A servant introduces several poor petitioners who want Hieronimo to represent their causes to the King. They affirm his fine legal reputation -- and the playwright knows the specific status and function of the "corregidor" (III.xiii.58) -- but their issues concern leases and bonds. Hieronimo is more taken with an old man who turns out to have a grief similar to Hieronimo's. The old man has difficulty talking about it and so offers Hieronimo a document instead, titled "The humble supplication / Of Don Bazulto for his murdered son" (III.xiii.78-79). Hieronimo is agitated and begins to give the old man a handkerchief, but it's Horatio's. So he gives the old man money and pitches a fit about his own inadequate grief. Hieronimo swears again, in the name(s) of the underworld, that he will have revenge. He tears up the legal papers of the other petitioners and seems to think the old man is Horatio, or a Fury, but settles on the notion that the man is a manifestation of his own grief. Together they must visit Isabella:

And thou, and I, and she, will sing a song,
Three parts in one, but all of discords framed --
Talk not of cords, but let us now be gone,
For with a cord Horatio was slain.
(III.xiii.172-175)

SCENE xiv

The King, the Duke, Lorenzo, Balthazar, the Ambassador, and Bel-imperia greet the Viceroy of Portugal before the wedding. The Duke of Castile and his son Lorenzo have a private conflab. The Duke thinks Lorenzo may be undermining Bel-imperia's marriage plans by treating Hieronimo shabbily. Lorenzo insists he has only been trying to keep Hieronimo from running mad before the King. The Duke calls for Hieronimo.

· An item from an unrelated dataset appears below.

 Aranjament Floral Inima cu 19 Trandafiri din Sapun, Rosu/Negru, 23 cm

Balthazar and Bel-imperia exchange love-chat. The Duke assures Bel-imperia he is not vexed with her now that she has gotten over Andrea. The servant brings in a suspicious Hieronimo:

What new device have they devised, trow?
Pocas palabras! mild as the lamb,
Is 't I will be revenged? No, I am not the man.
(III.xiv.117-119)
"Pocas palabras" (literally "few words" in Spanish), "a genteel form of 'shut up,'" are the only words of Spanish in the play (Berney 20). It is, however, an utterance we hear, slightly bungled, from Christopher Sly in the beginning of the Induction to The Taming of the Shrew (I.5). Dogberry gives it in abbreviated form, "palabras," in Much Ado About Nothing (III.v.16).

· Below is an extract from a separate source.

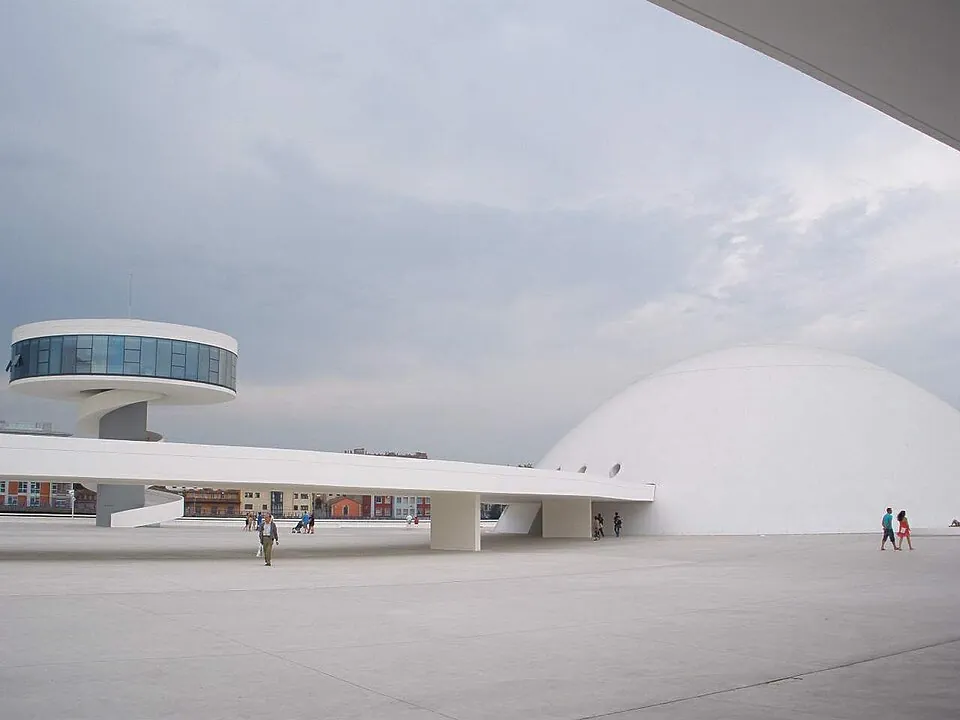 El Centro Niemeyer.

The Duke expresses concern that Hieronimo is "aggrieved" (III.xiv.131) at Lorenzo for restricting access to the King and intercepting his suits. Hieronimo histrionically draws his sword against anyone who would so insult Lorenzo. Like Bel-imperia to Balthazar, Hieronimo sweetly expresses friendship with Lorenzo, until he's alone and expresses his contempt.

SCENE xv

Andrea rants further about events and about Revenge having been asleep. He wake Revenge up and gripes about Hieronimo making nice with Lorenzo. Revenge assures Andrea that Hieronimo's vengefulness will come forth eventually.

A dumb show provides further reassurance for Andrea. Revenge explains that the masque signifies a wedding that ends in blood. Andrea is better contented and will resume watching: "And thanks to thee and those infernal powers / That will not tolerate a lover's woe" (III.xv.37-38). Is that true?